Exploring the Qubes OS secure operating system

Small Is Beautiful

Besides good hardware abstraction and encapsulation, another positive feature of Qubes OS is the microkernel architecture: Programs classified as secure should have fewer than 0.5 bugs per 1000 lines of code; the average for typical programs is three to five bugs [7]. Not all bugs are related to safety; many are just plain annoying. However, most of the currently exploited vulnerabilities are caused by typical programming errors.

As the total number of errors decreases, so does the number of security-related bugs. Because a microkernel has fewer lines of code, it has fewer errors, and thus fewer vulnerabilities. Vulnerabilities in the kernel are especially dangerous, so avoiding kernel vulnerabilities is especially critical.

Platform Independent

Thanks to templates for the app VMs, Qubes OS is quite easy to configure; a new VM is quickly set up.

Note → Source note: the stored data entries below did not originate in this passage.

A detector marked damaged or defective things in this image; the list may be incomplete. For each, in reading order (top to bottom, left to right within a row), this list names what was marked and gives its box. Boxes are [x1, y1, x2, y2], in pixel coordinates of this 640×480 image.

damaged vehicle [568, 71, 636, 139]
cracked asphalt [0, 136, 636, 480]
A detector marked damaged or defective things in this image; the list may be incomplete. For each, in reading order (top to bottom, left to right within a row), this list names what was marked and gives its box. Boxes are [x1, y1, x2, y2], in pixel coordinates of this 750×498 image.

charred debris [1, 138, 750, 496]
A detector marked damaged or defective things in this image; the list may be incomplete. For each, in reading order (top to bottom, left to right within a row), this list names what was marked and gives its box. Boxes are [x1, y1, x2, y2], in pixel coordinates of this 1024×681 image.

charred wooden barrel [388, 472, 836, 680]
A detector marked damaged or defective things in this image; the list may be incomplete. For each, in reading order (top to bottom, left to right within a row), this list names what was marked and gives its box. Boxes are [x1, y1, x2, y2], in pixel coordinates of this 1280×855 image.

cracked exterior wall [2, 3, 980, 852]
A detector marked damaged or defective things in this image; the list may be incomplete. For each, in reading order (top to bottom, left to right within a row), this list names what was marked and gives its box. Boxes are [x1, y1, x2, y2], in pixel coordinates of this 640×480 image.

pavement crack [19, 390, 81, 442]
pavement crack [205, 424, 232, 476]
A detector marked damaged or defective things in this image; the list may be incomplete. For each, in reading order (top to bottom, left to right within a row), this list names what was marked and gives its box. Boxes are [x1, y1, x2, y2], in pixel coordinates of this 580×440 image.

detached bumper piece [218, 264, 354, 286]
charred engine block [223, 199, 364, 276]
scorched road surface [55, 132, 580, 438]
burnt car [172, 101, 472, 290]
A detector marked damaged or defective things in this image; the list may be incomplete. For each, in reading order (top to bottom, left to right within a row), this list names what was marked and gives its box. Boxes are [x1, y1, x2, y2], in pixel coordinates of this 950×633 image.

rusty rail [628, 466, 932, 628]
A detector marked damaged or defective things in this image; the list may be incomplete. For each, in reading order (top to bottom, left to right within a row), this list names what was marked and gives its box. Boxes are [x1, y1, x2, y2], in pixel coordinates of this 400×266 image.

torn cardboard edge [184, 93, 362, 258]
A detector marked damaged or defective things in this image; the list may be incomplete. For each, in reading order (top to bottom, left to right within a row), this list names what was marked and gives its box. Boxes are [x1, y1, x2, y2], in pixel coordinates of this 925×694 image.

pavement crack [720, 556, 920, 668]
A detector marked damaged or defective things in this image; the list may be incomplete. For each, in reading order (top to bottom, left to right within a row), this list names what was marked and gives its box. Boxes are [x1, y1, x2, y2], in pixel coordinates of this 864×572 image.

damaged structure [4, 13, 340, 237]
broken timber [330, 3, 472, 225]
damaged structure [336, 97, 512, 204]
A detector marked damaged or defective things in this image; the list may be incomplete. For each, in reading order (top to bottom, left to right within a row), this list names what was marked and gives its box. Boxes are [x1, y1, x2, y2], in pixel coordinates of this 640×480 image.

The default template in Qubes R2 Beta 2 is based on Fedora 18 (64-bit); initially, the user can choose from three color-coded app VMs – work, personal, and random. The many tips on the website also help users get started.

Qubes OS users are not restricted to one operating system because of the underlying Xen hypervisor and the virtualization technology. Different systems can run on different app VMs.

The wiki for exchanging information with colleagues on the intranet could be based on OpenBSD, for example, for security reasons. MS Office files mailed to you no longer need a viewer: You can read them natively in a Windows app VM. This design creates a high degree of flexibility and security.

Substantial Test Overhead

If you want to quickly try out Qubes OS R2, you'll have to navigate one major obstacle: The hardware compatibility list [8] is very short. No virtualization environment (Parallels, VirtualBox, VMware Fusion) on the test system I initially used under OS X 10.7.5 was willing to cooperate with Qubes.

The problems with virtualization are underlined by a charming note on the Qubes website, asking users to refrain from posting further requests to the developer team relating to running Qubes in a virtual environment – because it simply does not work. Individual reports on various websites [9] of purportedly succeeding in running Qubes OS in a nested virtualization environment tend to contradict this dire warning, but unfortunately, clear information on the conditions is missing in all cases.

Ultimately, I turned to an old laptop for the test; Qubes was downloaded [10] and burned on a DVD in the old-fashioned way. After a nearly a three-hour-long installation, the test team at least managed to add a new device to the compatibility list: a Macbook Pro from 2007.